Last updated: 2026 · Figures verified against research and Direktorat Jenderal Imigrasi sources (imigrasi.go.id / evisa.imigrasi.go.id). Some long-stay totals are noted as ranges — confirm your exact case with our team.
Do You Even Need a Visa for Bali in 2026?
Almost every foreign visitor needs some form of visa or entry permit to enter Bali (Indonesia) in 2026. The two questions that decide which one are simple: what are you coming to do, and how long are you staying.
For a short holiday, most nationalities — including travellers from Australia, the United States, the United Kingdom, Canada, most of the EU, and dozens of others — can use the Visa on Arrival (VOA) or apply for the eVOA online before flying. A small number of ASEAN passport holders enter visa-free for short tourism stays, while a handful of nationalities must apply for a visa in advance (a “calling visa”). Because the visa-free and calling-visa lists change, always confirm your nationality’s status before you book.
If you plan to stay longer than 60 days, work remotely, retire, invest, create content, or live in Bali, you need a different visa entirely — a longer visit visa or a residence permit (KITAS). This pillar guide maps every route, so you can pick the one that matches your plans and apply with confidence.

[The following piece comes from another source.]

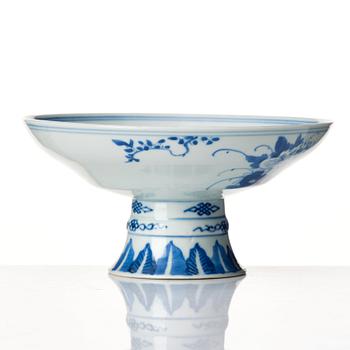 A blue and white tazza, late Qing dynasty, 19th Century.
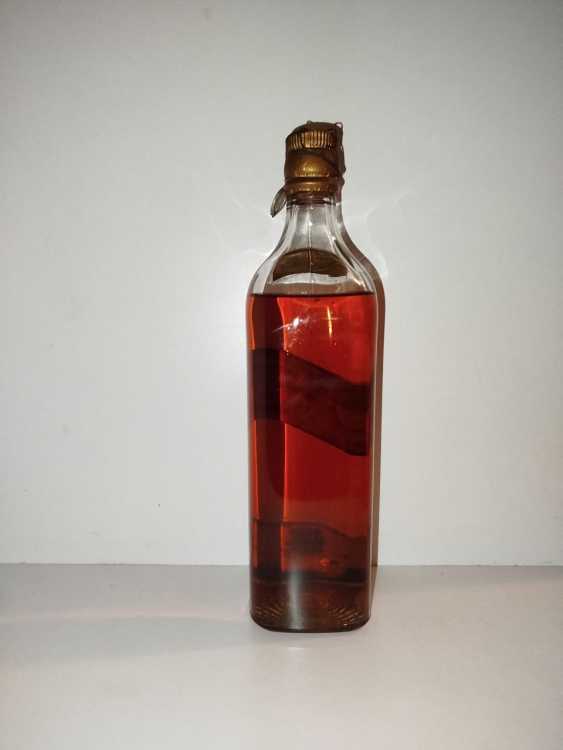 Johnnie Walker Extra Special Highland Whisky, no size, no abv; Guaranteed Over 12 years Old, By appointment to the late King George V Johnnie Walker Extra Special Highland Whisky, no size, no abv; Guaranteed Over 12 years Old, By appointment to the late King George V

This matters more in 2026 than it used to. Indonesia has both expanded the options (new permits like the E33G Digital Nomad Visa and the C5A creator visa now exist) and tightened enforcement (a dedicated task force and village-level officers are actively checking that foreigners’ visas match what they’re actually doing). The result is good news and a warning rolled into one: there’s now a legal visa for almost every purpose, but using the wrong one carries real consequences. Choosing correctly from the start is the whole game — so we’ll walk through it step by step.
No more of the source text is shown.